▶ _The problem_: Set the data down again, exactly as it reads, but without the pictures.

▶ _Data_:
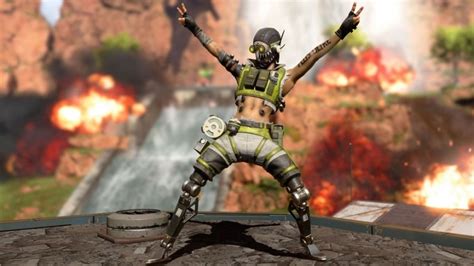 Apex Legends Getting A Time Limited Solo Mode
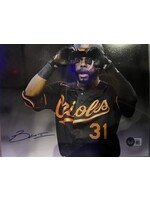 Cedric Mullins 8x10 B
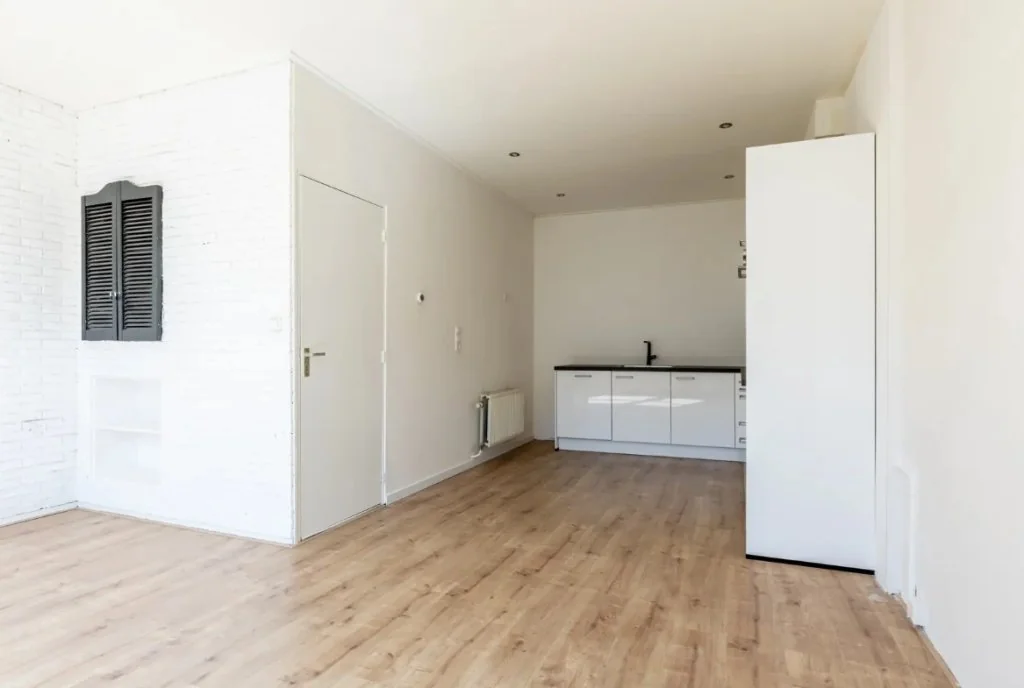 Foto van de Appartement gelegen aan de Baroniestraat in Rotterdam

▶ _Your solution_:
 Apex Legends Getting A Time Limited Solo Mode
 Cedric Mullins 8x10 B
 Foto van de Appartement gelegen aan de Baroniestraat in Rotterdam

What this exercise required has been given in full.